No Brasil, poucos estudos epidemiológicos são realizados na área da reumatologia, entre os quais podem-se citar os estudos da prevalência de artrite reumatóide em amostras da população brasileira(15). Em relação ao LES, a maioria dos estudos foi realizada nos Estados Unidos e na Europa, sendo este o primeiro estudo de incidência da doença no Brasil e em região de clima tropical, à exceção de um estudo realizado na Ilha de Curaçau(3).

Partindo do princípio que fatores ambientais, como as condições socioeconômicas e climáticas, possam estar implicados no aparecimento e nas manifestações clínicas do LES e em razão da escassez de estudos que abordem este aspecto em nosso país, parece interessante um estudo da incidência da doença no nordeste do Brasil, região de clima tropical e com características peculiares. O objetivo deste trabalho, portanto, é estudar a incidência de LES na cidade de Natal, RN-Brasil, no período de 1/1/2000 a 31/12/2000.

PACIENTES E MÉTODOS

POPULAÇÃO E ÁREA DO ESTUDO

A origem dos dados da população estudada foi baseada no Censo 2000 da população brasileira do IBGE (Instituto Brasileiro de Geografia e Estatística)(16). A população de Natal é de 709.422 habitantes (376.726 mulheres e 332.696 homens), sendo 493.239 habitantes (269.900 mulheres e 223.339 homens) com idade maior ou igual a 15 anos. Em relação à raça e à cor, os pacientes usaram a auto-referência, sendo classificados como branco, preto, pardo, amarelo ou índio, de acordo com o IBGE.

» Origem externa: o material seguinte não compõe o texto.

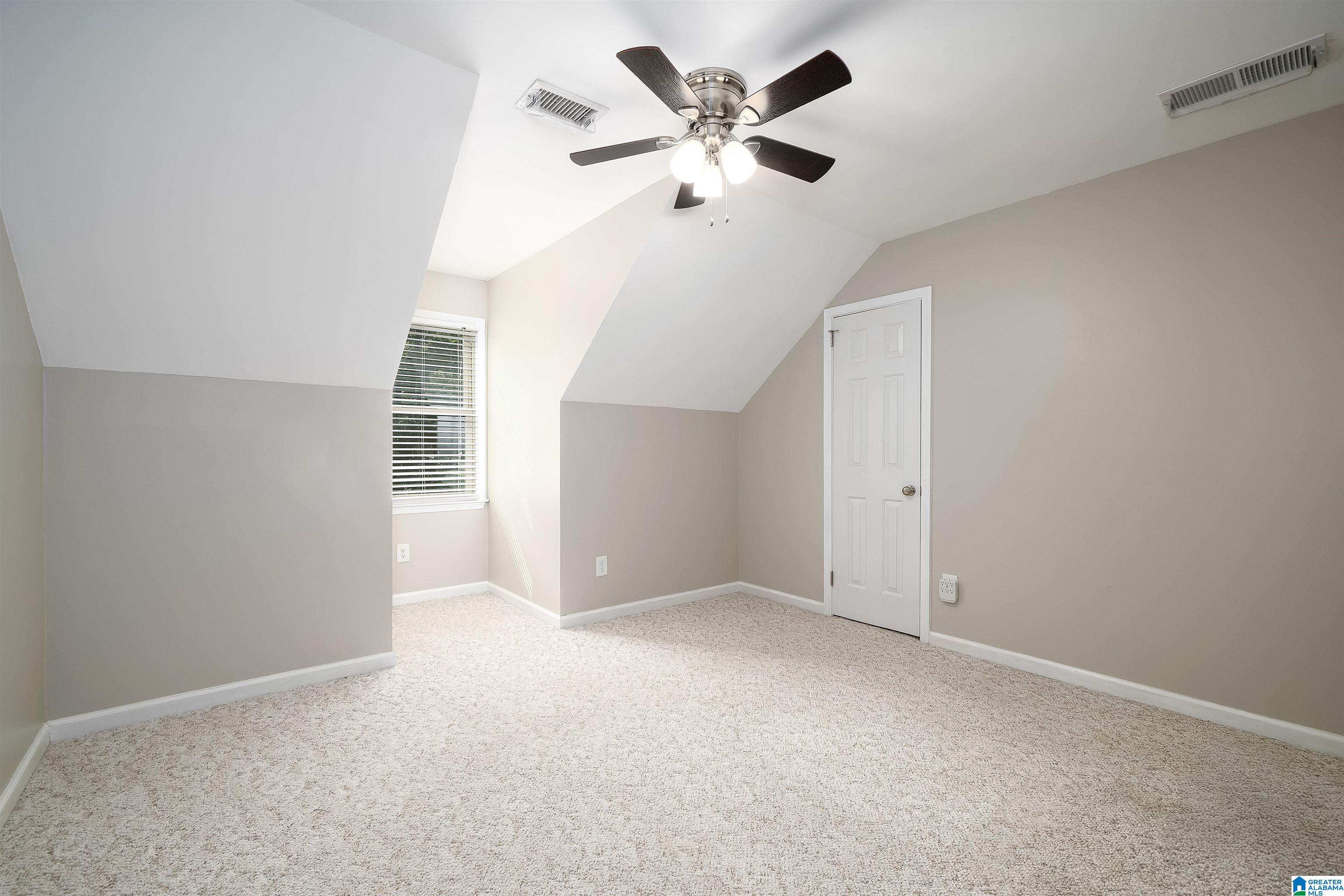 5009 Meadow Brook Road Birmingham, AL 35242 - Photo 29 of 43 Gallery Image 29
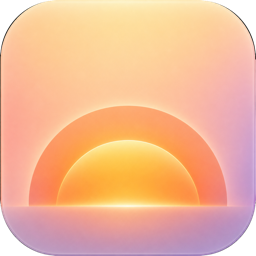 Solis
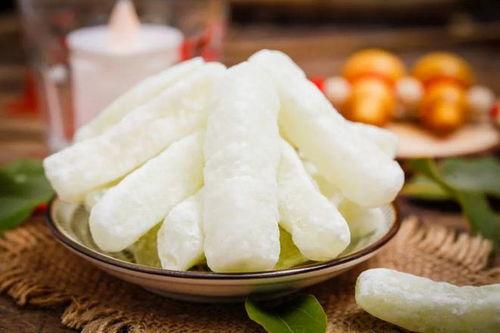 米粒的夏日吃瓜视频,米粒带你畅游吃瓜盛宴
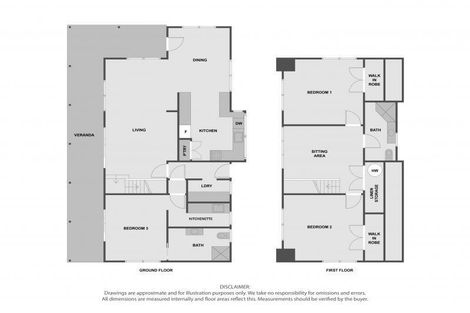 Photo of property in 23 Princes Street, Tahawai, Katikati, 3170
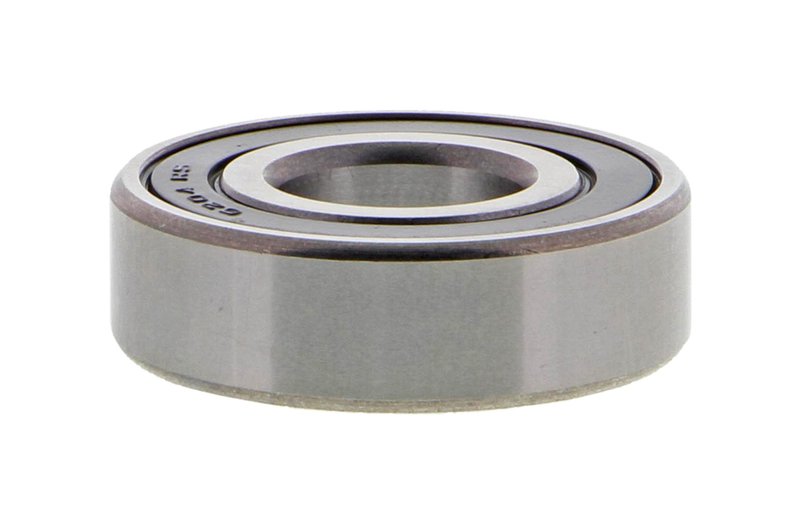 Mevotech H204FF Wheel Bearing - Rear Outer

Natal é uma cidade litorânea, de clima tropical, com uma temperatura média anual em torno de 27 graus.

Segundo a Estação Meteorológica de Natal, RN, a quantidade de luz solar na área varia entre 205 e 288 horas/mês. O índice ultravioleta (Índice UV), que varia em escala de 0 a 10+(17), de acordo com o Instituto de Pesquisas Espaciais de São José dos Campos (INPE), SP, é considerado alto em Natal, sendo maior que 7+ na maior parte do ano(18).

SELEÇÃO DE PACIENTES

Foram incluídos no estudo somente indivíduos residentes na cidade de Natal, com idade maior ou igual a 15 anos. Foram definidos como casos incidentes de LES aqueles pacientes que preencheram, pelo menos, quatro critérios da classificação do Colégio Americano de Reumatologia (ACR) para LES(19), dentro do prazo definido para o estudo, ou seja, de 1/1/2000 a 31/12/2000. Foi critério de exclusão o lúpus induzido por drogas. A duração da doença foi definida como o tempo entre o início dos sintomas atribuído pelo médico à doença e o diagnóstico. A incidência foi estimada dividindo o número de casos novos encontrados pela população de Natal com idade maior ou igual a 15 anos de acordo com o Censo 2000. O protocolo básico de notificação foi composto de dados demográficos como sexo, idade, data de nascimento, cor e dados clínicos como duração da doença e critérios de classificação do ACR.

Quatro fontes distintas foram utilizadas para a identificação de pacientes: 1) Hospital Universitário da Universidade Federal; 2) hospitais e postos de saúde das redes públicas municipal e estadual; 3) clínicas e hospitais privados; 4) três principais laboratórios da cidade que realizam a pesquisa de fator antinuclear (FAN).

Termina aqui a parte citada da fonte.